Friday, January 20, 2012

when roads are made from homes and dreams

Muthusamy came home
Early one morning,
Drunk from the previous day’s earnings,
On local arrack,
That still reeked a good twelve hours later.
His bleary eyes were suddenly
atear,
With fear –
Where was his home that was here
Yesterday?

Where was the deep blue tarpaulin sheet
That held the rain and sun above him, Kathayi and
The children?
Where were the hastily erected walls
Made of discarded bits of asbestos,
Synthetic sheets and bricks?
Where was that make shift door
That shut out their poverty to the rest of the world?
There was nothing.
Surely he had come to the wrong street,
Muthusamy.

He rushed to wash his inebriation away
From a tap that was left standing,
Surprisingly left standing amongst the debris.
When he was sober once more,
He looked again – there!
There was his door – was it the door?
Yes, broken now, and close to it,
The shredded blue tarpaulin sheet,
The
Fragmented asbestos.
And then he saw it, the might of power
The large bull dozer
Standing mighty,
Among the debris.

What happened, he cried,
Shaking himself of the many
Delusional dreams he had had,
When inconsolably drunk.
Where was Kathayi? Where were the children?
Had they been bulldozed too?

A fellow drunkard came by
And said their homes were gone.
Their homes would now be replaced
By broader roads for the city folk.

The bulldozer man was one of them
And yet, he had brought their hopes down,
Saying they were ugly reminders that
Put the city in bad light.
‘What about us?’ muthusamy screamed,
‘there’s nothing about us...’

There they go, muthusamy, kathayi,
Their many children and fellow humans
On trucks that will deposit them
On the fringes of urban civilisation.
There they go,
The invisible city dwellers,
To a new place they will call home,
Until the city needs a new road, building
Or high rise once more.



muthusamy, kathayi and other names speak for the numerous unseen, unheard faces of society. they are everywhere. but this is what happens to them, everyday.
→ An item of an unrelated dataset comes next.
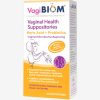 Biom Probiotics, Пробиотические суппозитории с борной кислотой для женщин, 10 штук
Thursday, January 19, 2012

the fates and the future

She looks beautiful,
Far too beautiful to be anyone else
But a lover’s flame.
And yet, she is unaware of the effect
She has on the hapless victim seated before her,
A victim of the fates who will decide how his
Tomorrow will be, without even having lived today.
She callously picks a card, throws it near him.
And he gingerly awaits the pronouncement of his
Morrow.
‘ah! There’s lust. you'll have plenty of it'
why, I can even see it
In your eyes now.you must find a way to appease
that greed.’
‘and there’s difficulty with money, unless of course
You pay obeisance to the sun,
naked in the early hours of the morn.
But be warned: you must be invisible to all,
Else cruel fate will befall.
And after that, here’s what you must do:
feed a priest, clothe a woman, pour milk over the snake pit
and come back to me, faithfully.
Every Tuesday morning. ‘

Terrified, he leaves,
But not before slipping a hundred rupees –
More than half his day’s earnings – on her.
He prepares to walk naked before dawn,
Bathe in the pond, and feed the priest.
But for the money, he must pledge
His wife’s wedding chain – all of the
twenty-four grams of gold.

He comes back every Tuesday, to listen
To the forecast.
And before the year is done,
So is he.
Now all his meagre wealth is dispersed
Among priests, wedded women, children and snakes.
And of course a parrot. A parrot so beautiful.
So beautiful and yet, caged within a wooden box,
Trained to determine others’ fates,
While succumbing to her own.



kili josyam - at dakshina chitra sometime in 2009. the thought came back again, fiercely just a few months ago.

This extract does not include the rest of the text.